■ **REQUIREMENT**: Reproduce exactly the first line of the material below and every line after it, ending with the line that contains "原创2003年刘涌走下法庭表情淡定被押解到殡仪馆抬进死刑执行车". No pictures should be copied.

■ **DATA**:
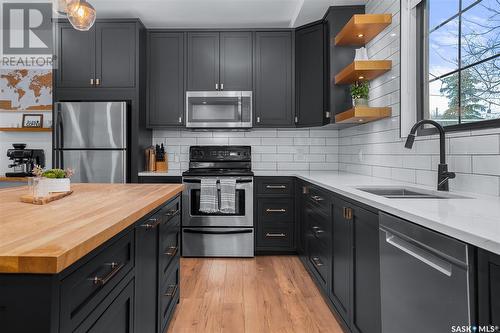 719 H Avenue S, Saskatoon, SK - Indoor Photo Showing Kitchen With Double Sink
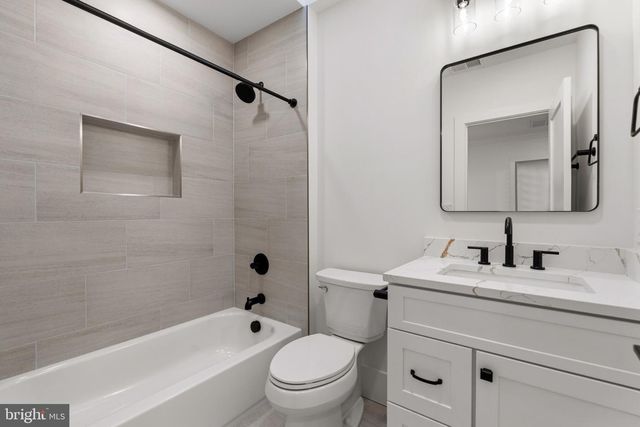 307 M ST NE, Washington, DC 20002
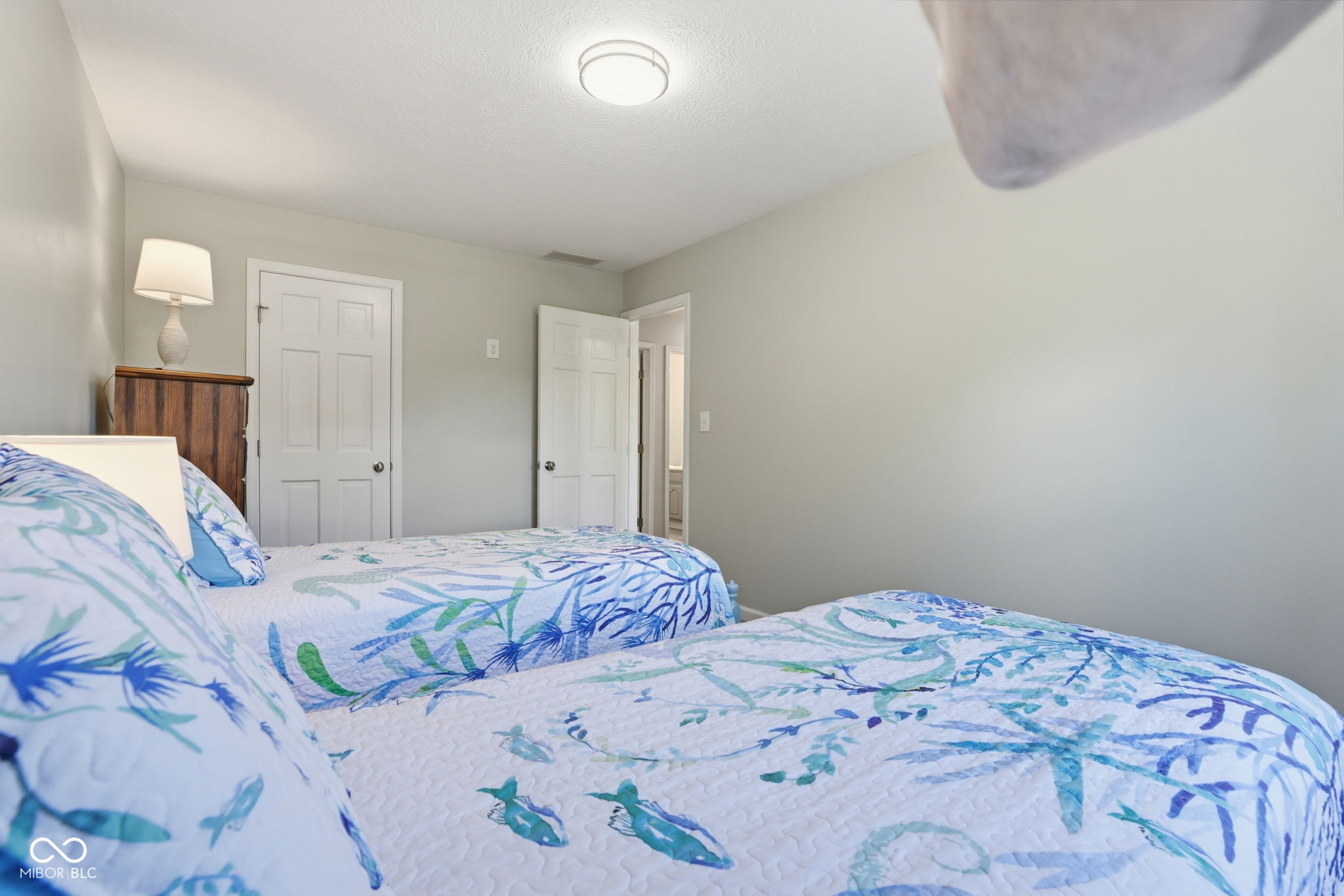 143 Hollowview Drive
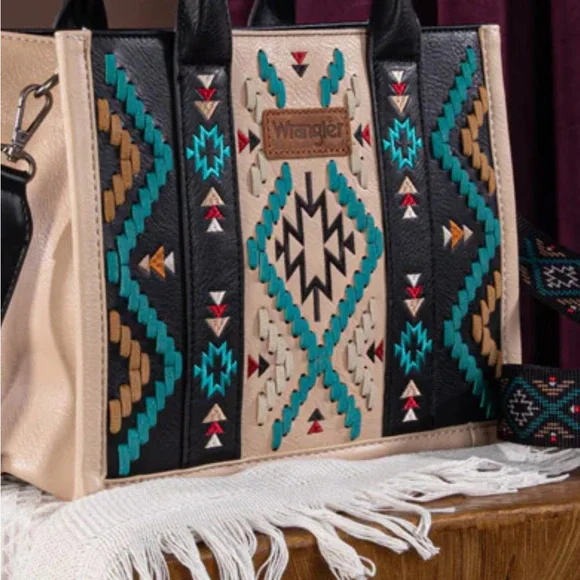 Wrangler Aztec Embroidered Bag 💥Last One! - Picture 2 of 5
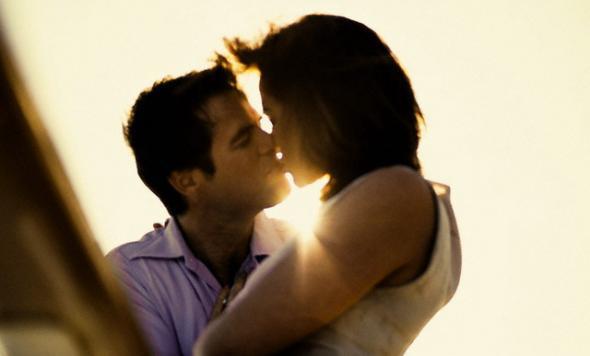 6 lợi ích bất ngờ của nụ hôn đối với sức khỏe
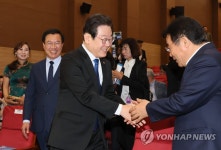 다문화위원회 출범식 참석하는 이재명 대표 | 연합뉴스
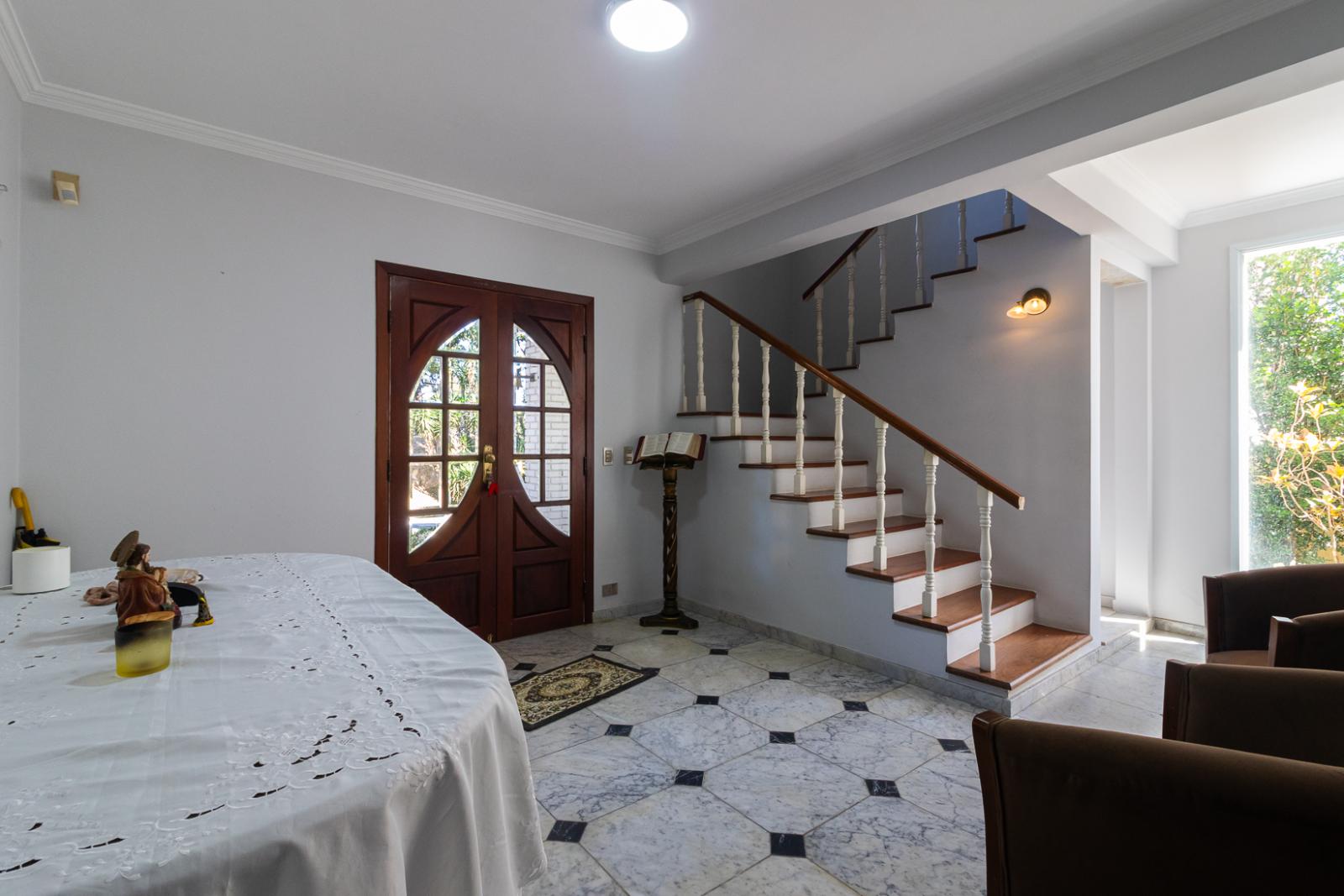Cozinha e área gourmet casa à venda ou para alugar em Alphaville Residencial 0, Alphaville, Barueri — 2 suítes, 811 m² — imagem 3 de 37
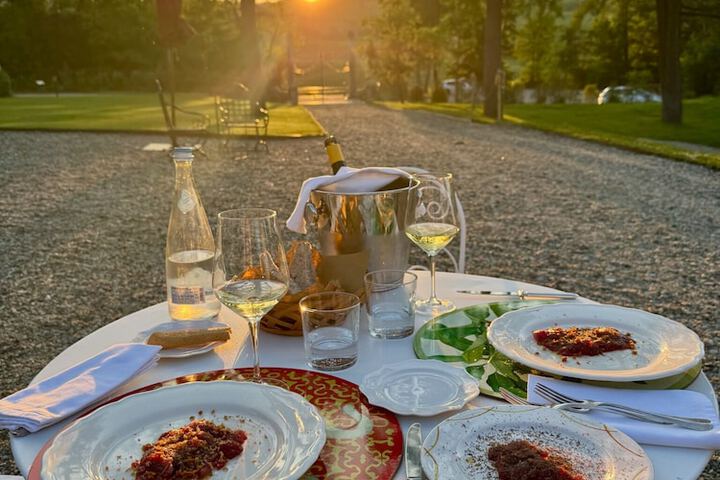 Dining 44 of 62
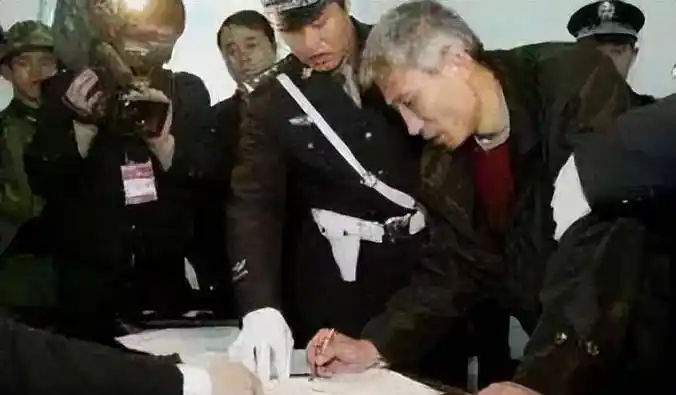 原创2003年刘涌走下法庭表情淡定被押解到殡仪馆抬进死刑执行车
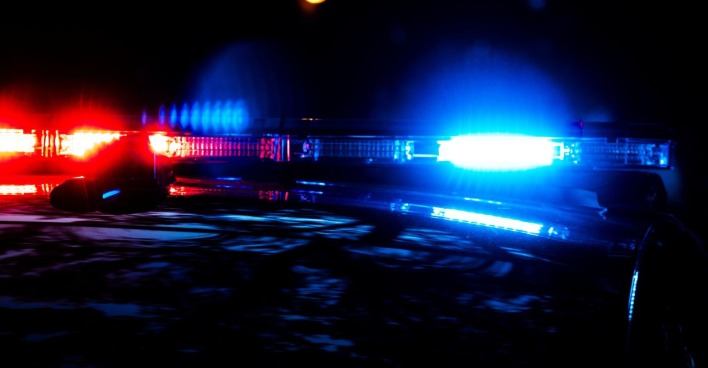 Einsatzwagen mit Blaulicht in der Nacht.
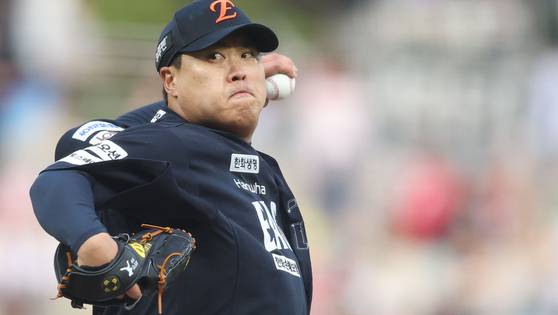 내전근 통증으로 이탈한 뒤 복귀를 준비하고 있는 한화 류현진. 연합뉴스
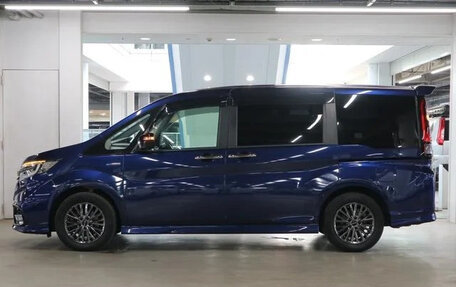 Honda Stepwgn IV, 2021 год, 2 100 000 рублей, 3 фотография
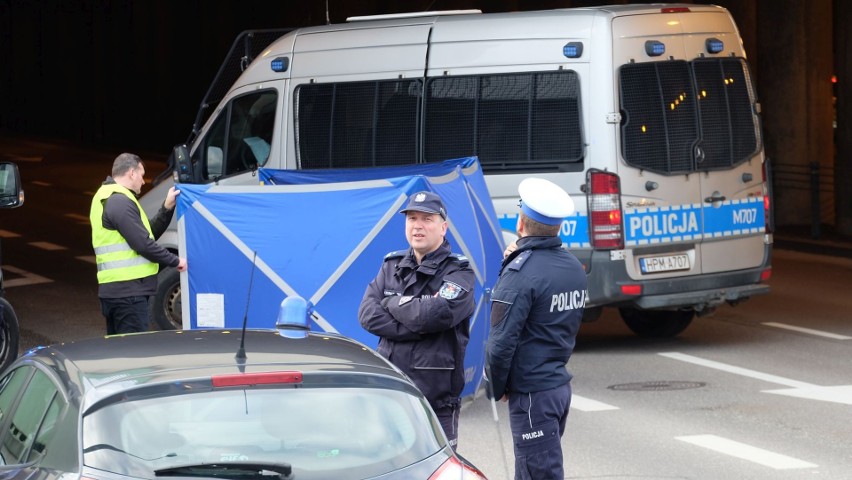 Kobieta spadła z wiaduktu kolejowego na ulicę. Nie żyje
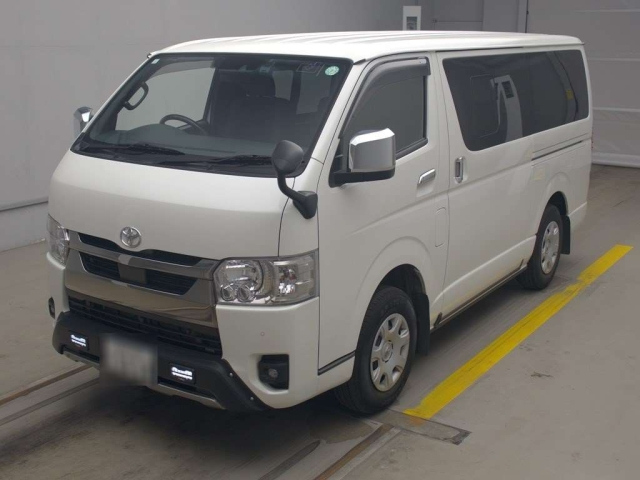 TOYOTA HIACE VAN 2023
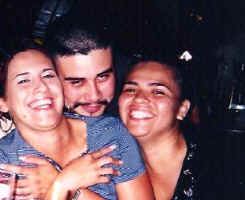 Sonya&Joaquin.jpg (22968 bytes)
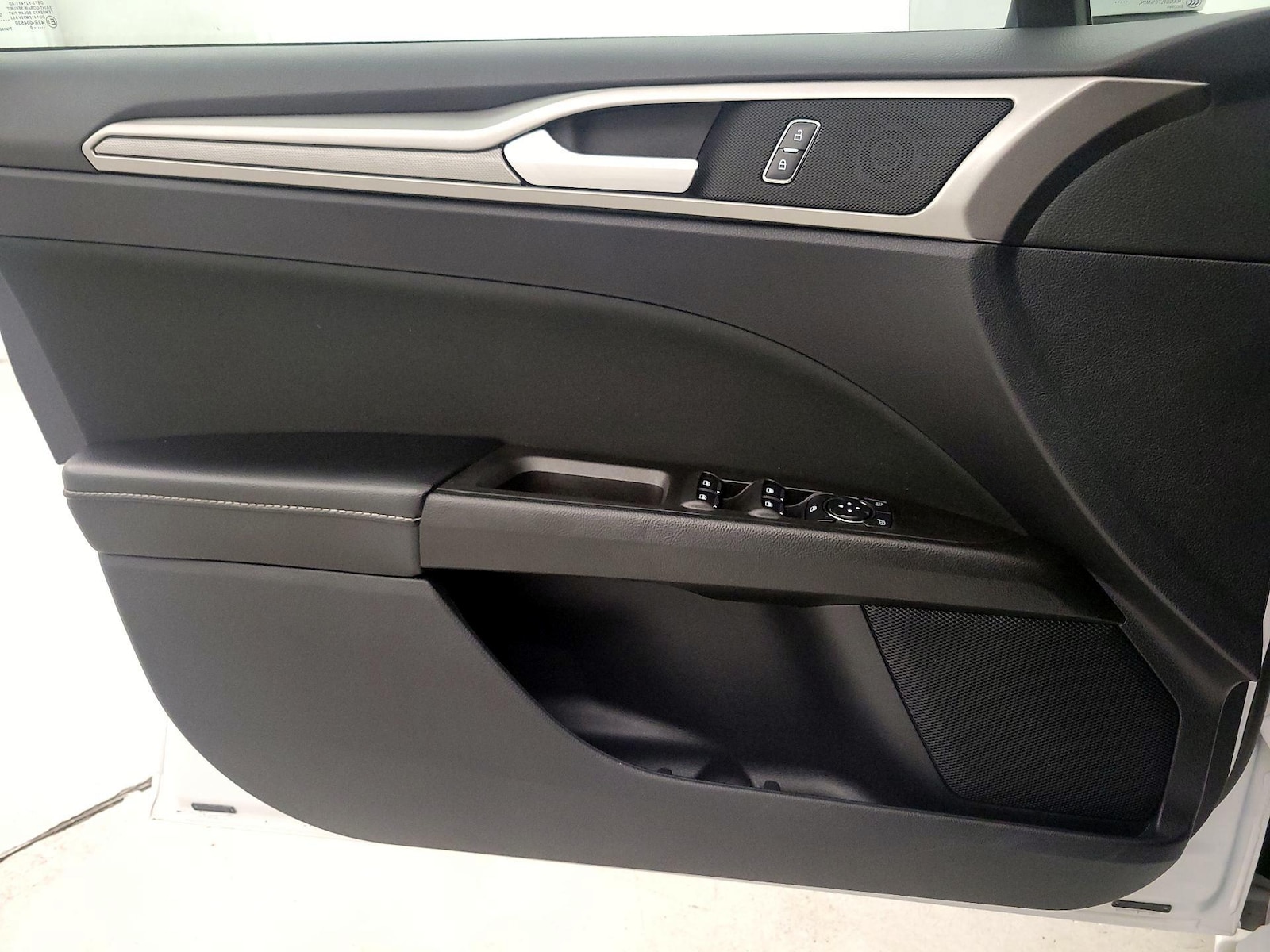 2020 Ford Fusion SE - Photo 11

■ **TASK RESULT**:
 719 H Avenue S, Saskatoon, SK - Indoor Photo Showing Kitchen With Double Sink
 307 M ST NE, Washington, DC 20002
 143 Hollowview Drive
 Wrangler Aztec Embroidered Bag 💥Last One! - Picture 2 of 5
 6 lợi ích bất ngờ của nụ hôn đối với sức khỏe
 다문화위원회 출범식 참석하는 이재명 대표 | 연합뉴스
Cozinha e área gourmet casa à venda ou para alugar em Alphaville Residencial 0, Alphaville, Barueri — 2 suítes, 811 m² — imagem 3 de 37
 Dining 44 of 62
 原创2003年刘涌走下法庭表情淡定被押解到殡仪馆抬进死刑执行车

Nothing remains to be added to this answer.